-- Activity --
The task calls for the lines from the start of the entries below through the line with "Typical small Venetian", given again verbatim, with every picture dropped.

(Beginning of The data)

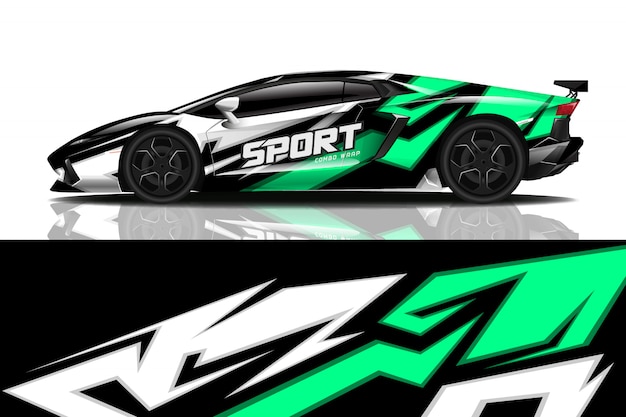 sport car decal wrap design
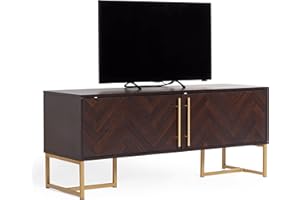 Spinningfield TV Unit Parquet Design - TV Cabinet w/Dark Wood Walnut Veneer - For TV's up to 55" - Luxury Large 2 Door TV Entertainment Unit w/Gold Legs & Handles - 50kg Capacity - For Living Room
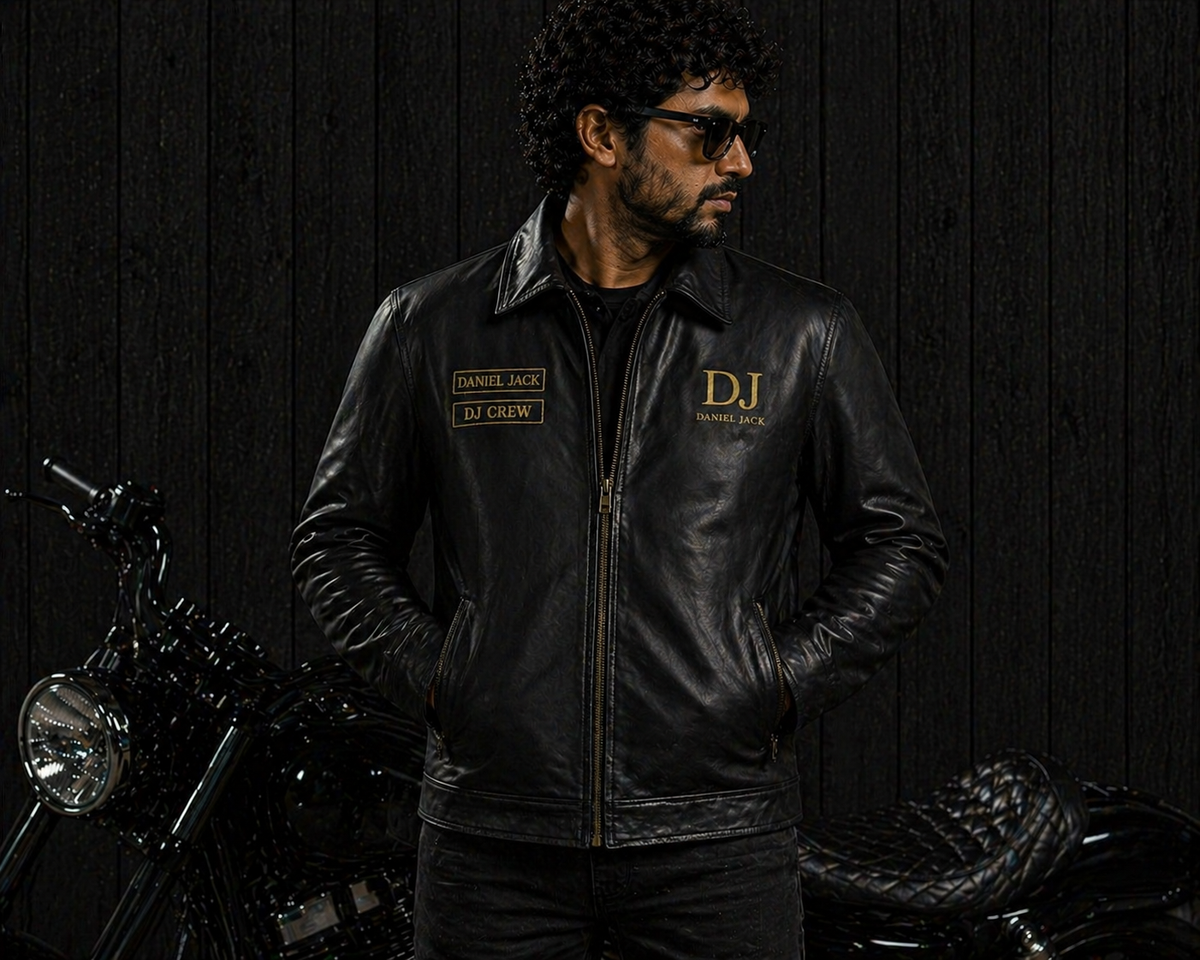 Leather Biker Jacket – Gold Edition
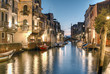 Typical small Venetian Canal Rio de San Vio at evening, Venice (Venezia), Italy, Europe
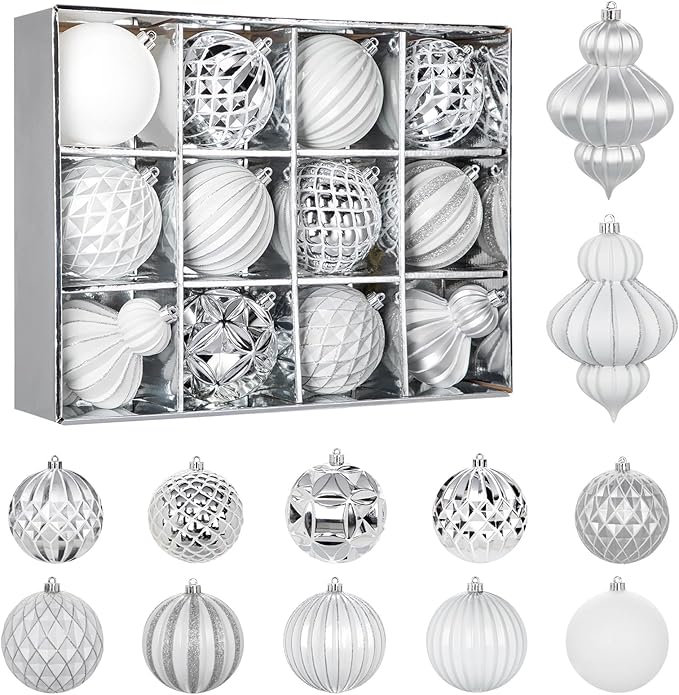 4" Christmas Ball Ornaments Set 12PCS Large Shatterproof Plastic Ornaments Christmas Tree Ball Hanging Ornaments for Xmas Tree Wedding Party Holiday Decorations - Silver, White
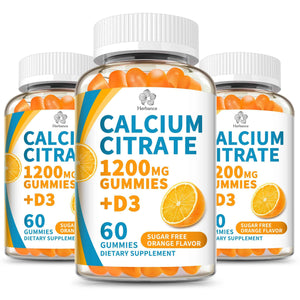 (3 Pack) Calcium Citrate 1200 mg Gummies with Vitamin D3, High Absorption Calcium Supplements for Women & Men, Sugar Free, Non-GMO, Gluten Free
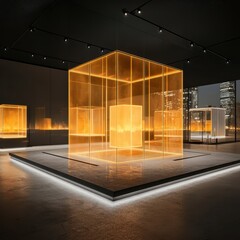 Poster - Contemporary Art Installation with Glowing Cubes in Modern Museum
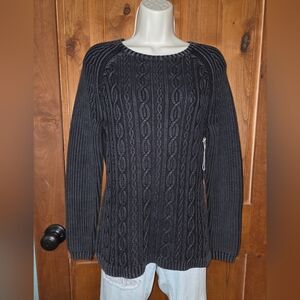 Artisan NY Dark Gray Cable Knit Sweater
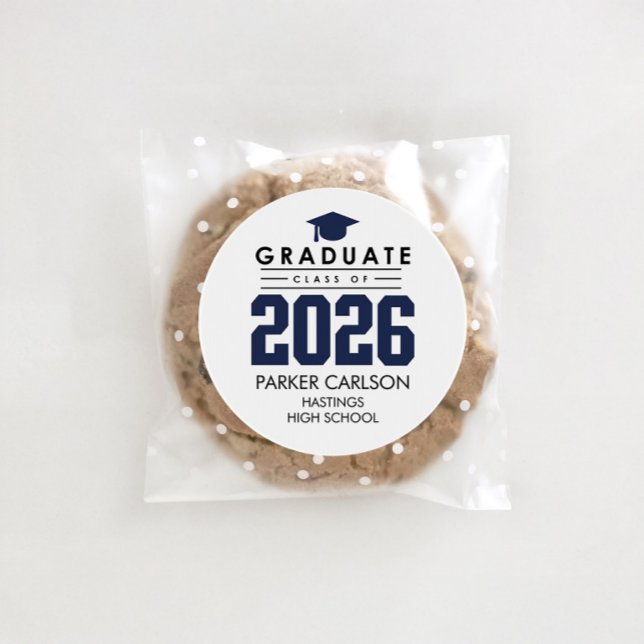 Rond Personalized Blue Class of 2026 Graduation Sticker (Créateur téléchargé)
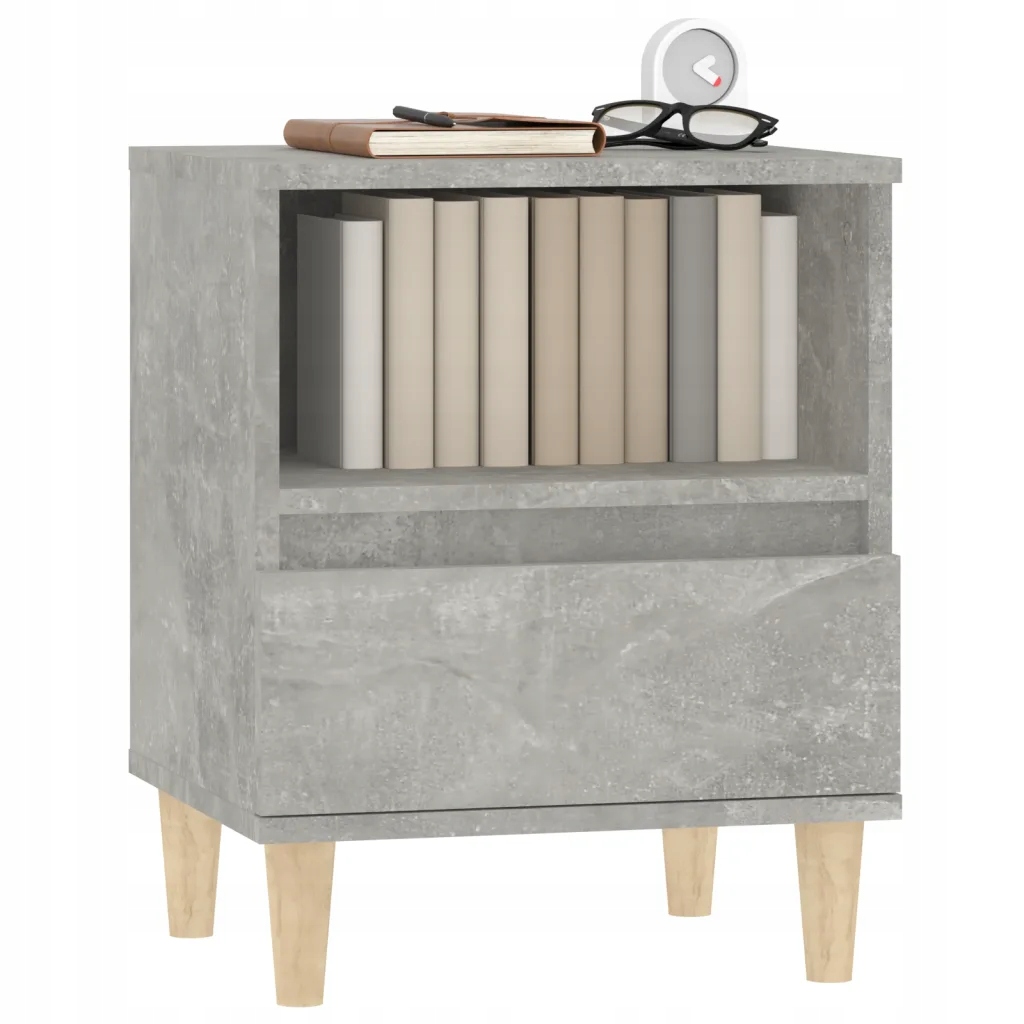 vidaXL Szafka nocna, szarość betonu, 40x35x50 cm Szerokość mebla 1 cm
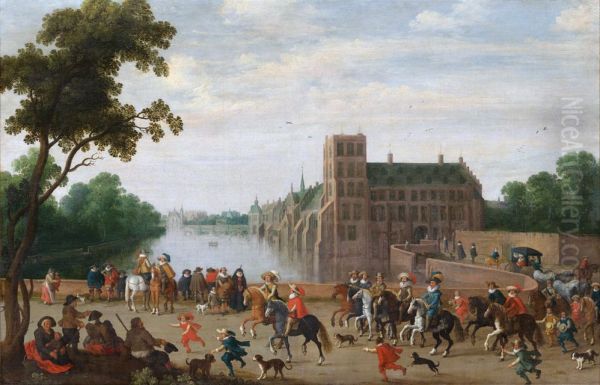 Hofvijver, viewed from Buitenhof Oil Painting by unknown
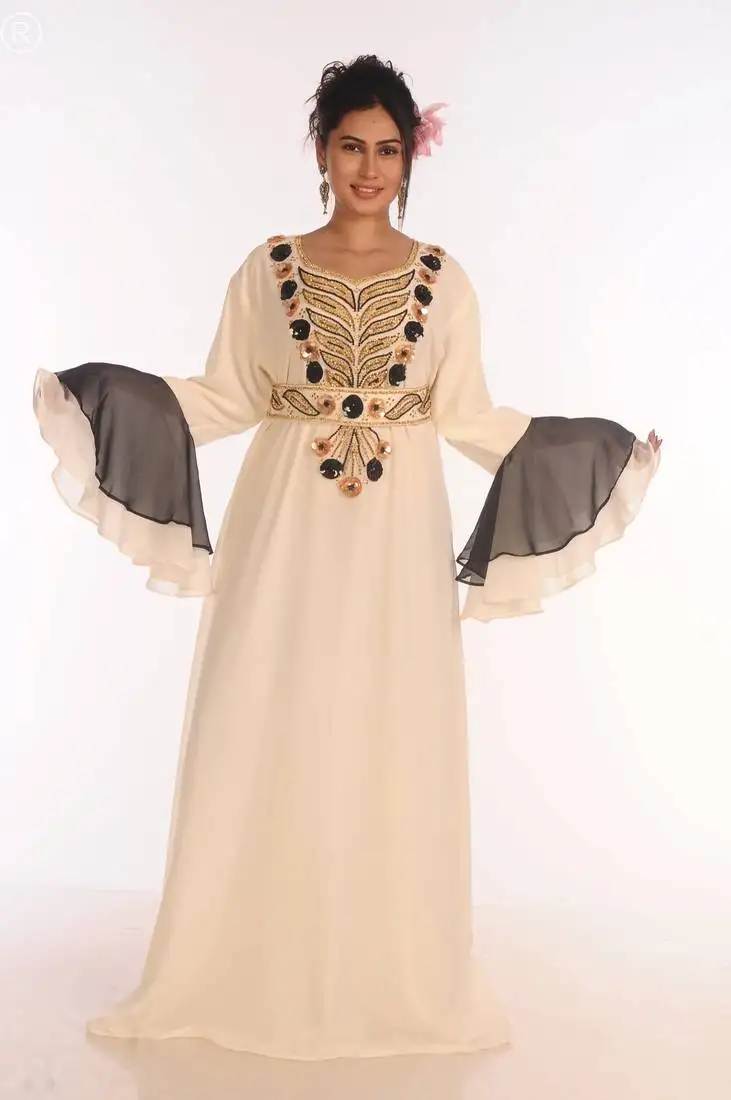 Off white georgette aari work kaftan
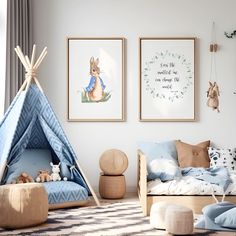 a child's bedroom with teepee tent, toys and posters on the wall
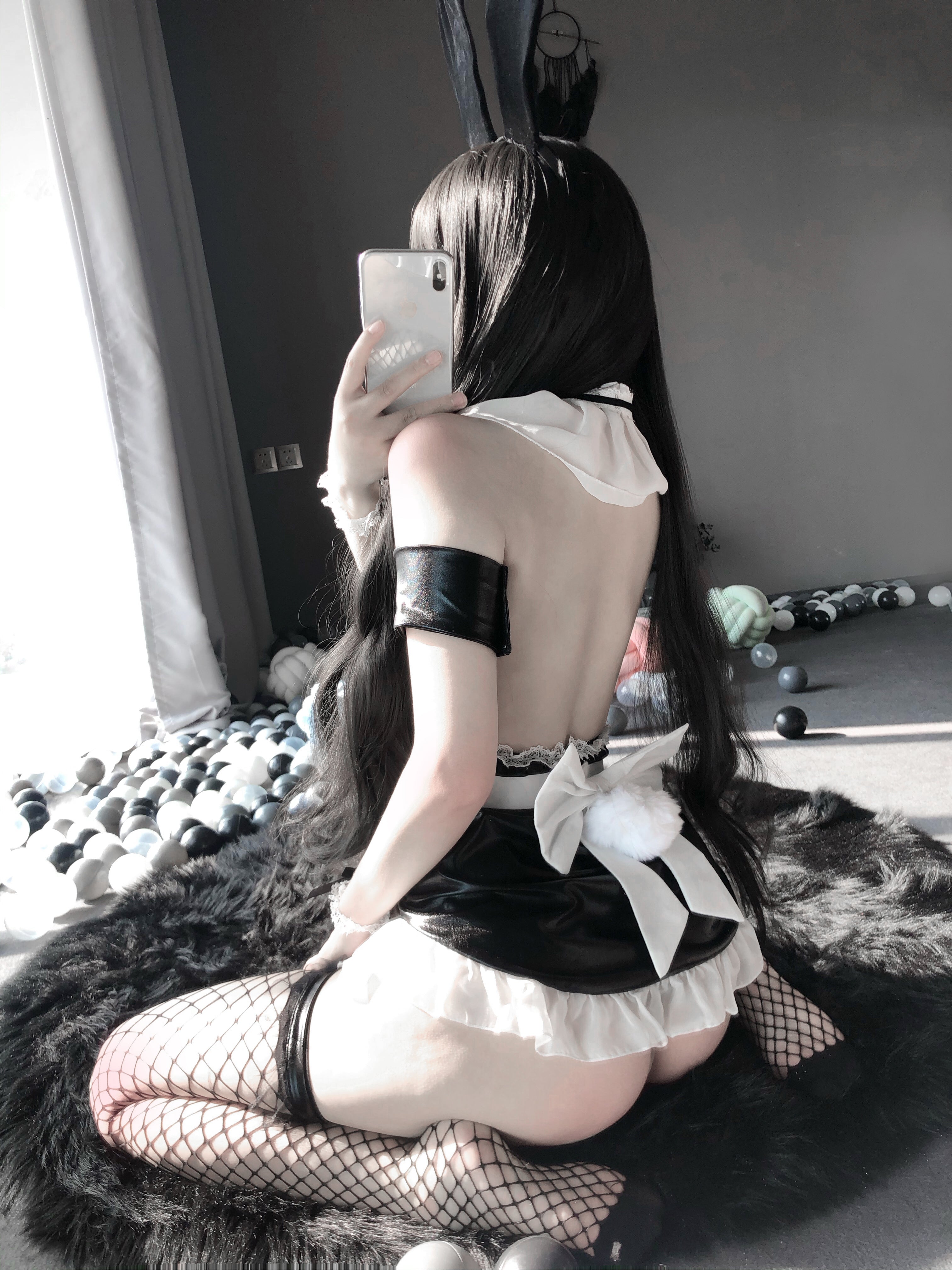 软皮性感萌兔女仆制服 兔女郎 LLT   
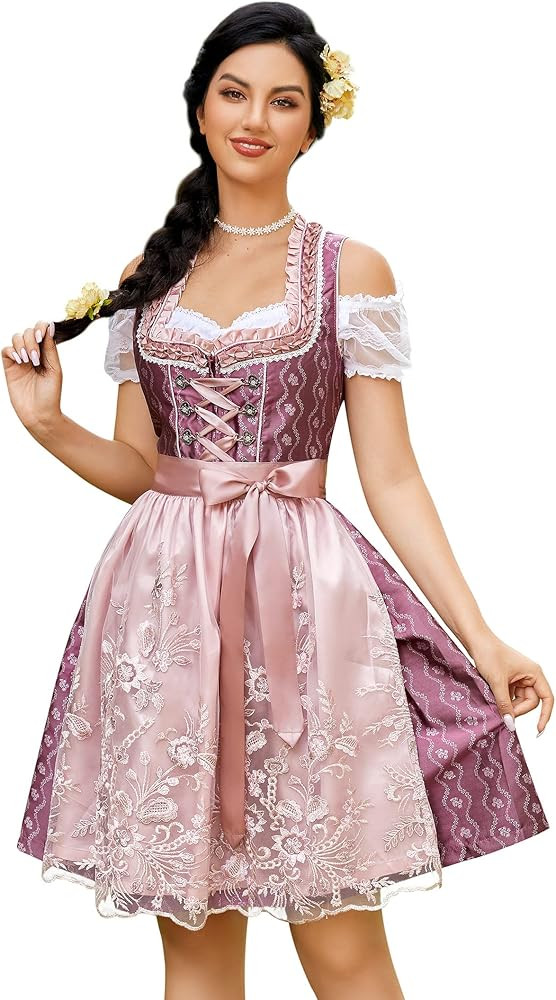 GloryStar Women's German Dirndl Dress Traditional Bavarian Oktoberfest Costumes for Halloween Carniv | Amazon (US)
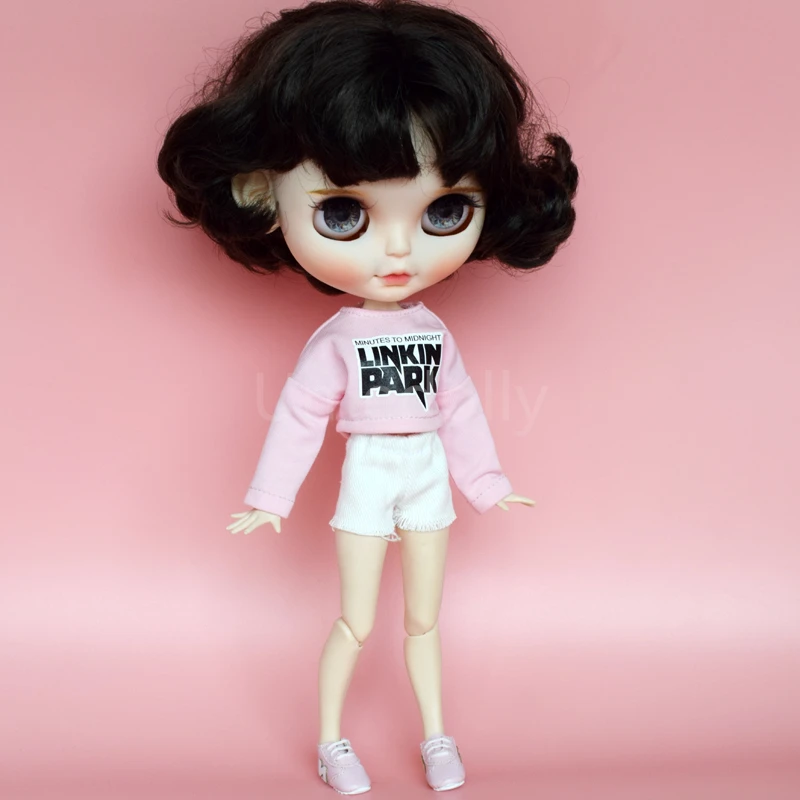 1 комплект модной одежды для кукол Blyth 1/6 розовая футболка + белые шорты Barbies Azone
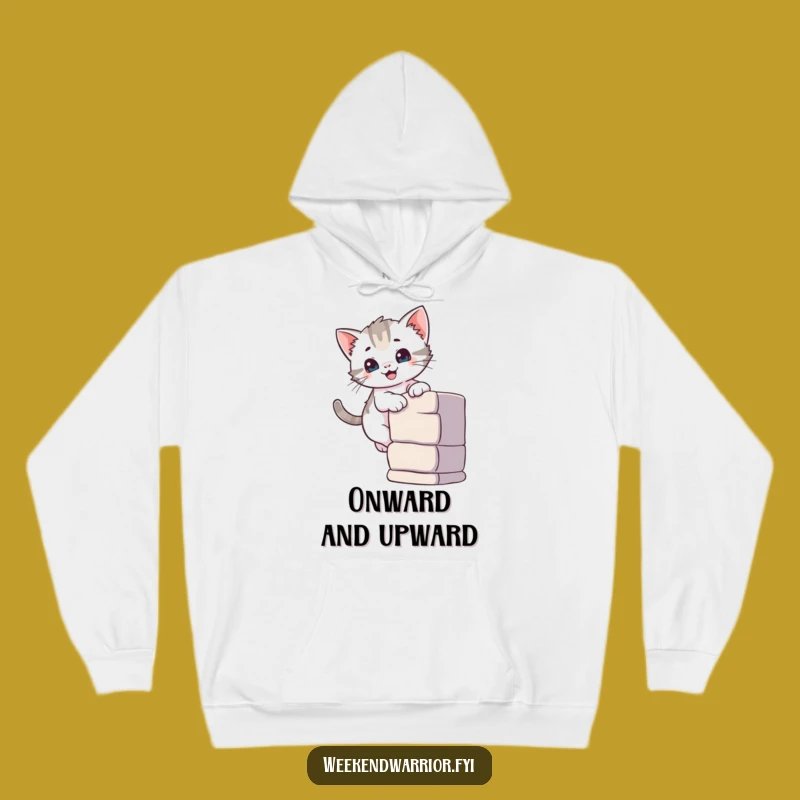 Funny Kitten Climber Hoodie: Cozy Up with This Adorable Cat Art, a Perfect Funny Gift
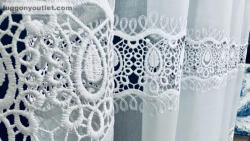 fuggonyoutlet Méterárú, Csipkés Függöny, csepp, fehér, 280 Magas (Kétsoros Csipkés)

(End of The data)

-- Reply --
 sport car decal wrap design
 Spinningfield TV Unit Parquet Design - TV Cabinet w/Dark Wood Walnut Veneer - For TV's up to 55" - Luxury Large 2 Door TV Entertainment Unit w/Gold Legs & Handles - 50kg Capacity - For Living Room
 Leather Biker Jacket – Gold Edition
 Typical small Venetian Canal Rio de San Vio at evening, Venice (Venezia), Italy, Europe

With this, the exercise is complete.